Sondheim Forum

Off Topic => Daily Threads => Topic started by: DiveMilw on Mar 31, 2020, 07:15 PM

Title: 31-MAR-20 The Last Day of March
Post by: DiveMilw on Mar 31, 2020, 07:15 PM
Well, March 2020 certainly has been interesting, hasn't it?  ::) :P :-X ::)

I think I'm glad the month is over, if only because that means we are a little bit closer to the end of social distancing.  I know I'm glad to have the forum and our occasional discussions.  

Many places have added streaming to help entertain us.  The latest email I got from the Taronga Zoo in Sydney is that they now have three webcams and some zookeeper chats.  You can find them here at Taronga TV (https://taronga.org.au/taronga-tv).  What is nice about this is that Sydney is 13 hours ahead of me so I can watch their animals when it is night here.
Title: Re: 31-MAR-20 The Last Day of March
Post by: scenicdesign71 on Apr 01, 2020, 03:35 AM
I finally watched the Met's entire LePage Ring cycle online over four nights last week, along with Susan Froemke's making-of documentary, Wagner's Dream, on Sunday.

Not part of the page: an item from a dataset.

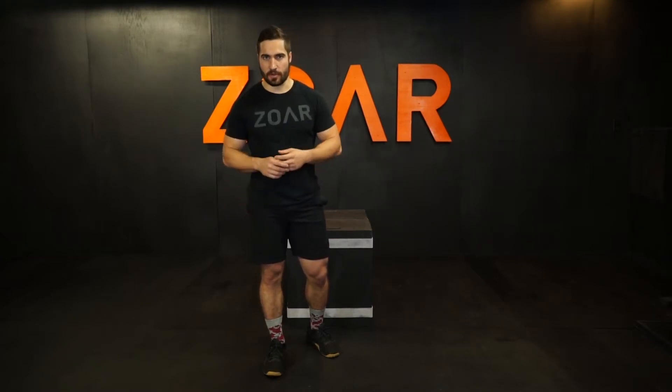Ben Wise here, and today I'm going to talk about the fastest way that you can get burpee box jump overs. This is a sprint style variation. I'm going to show you and then we'll go over some points of performance.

At that time it seemed as though their entire video archive had been opened up for free viewing, at least if you entered it through a certain slightly roundabout sequence of pages.  But now they've either closed the gap, or I'm just misremembering those specific steps and therefore not navigating them properly, because I can no longer seem to get past the subscription paywall.

They are, however, offering a free week to lure new VOD subscribers.  And if even that seems like too much of a commitment, they're also streaming one free opera every night (https://www.metopera.org/season/on-demand/) (which remains viewable-on-demand until the following night), so maybe I'll tune back in and catch a few more.  It's been a very long time -- childhood, more or less -- since I really explored opera with any regularity; my total in-person trips to the Met since I moved here thirty years ago number roughly three.  (I fared only slightly better with City Opera: maybe four or five visits over the years, and at least one of those was a musical -- 110 in the Shade, which first brought Karen Ziemba to my attention as a radiant and sympathetic Lizzie -- while another was the recent Candide revival a year or two ago, whatever genre you want to call that; operetta, I guess).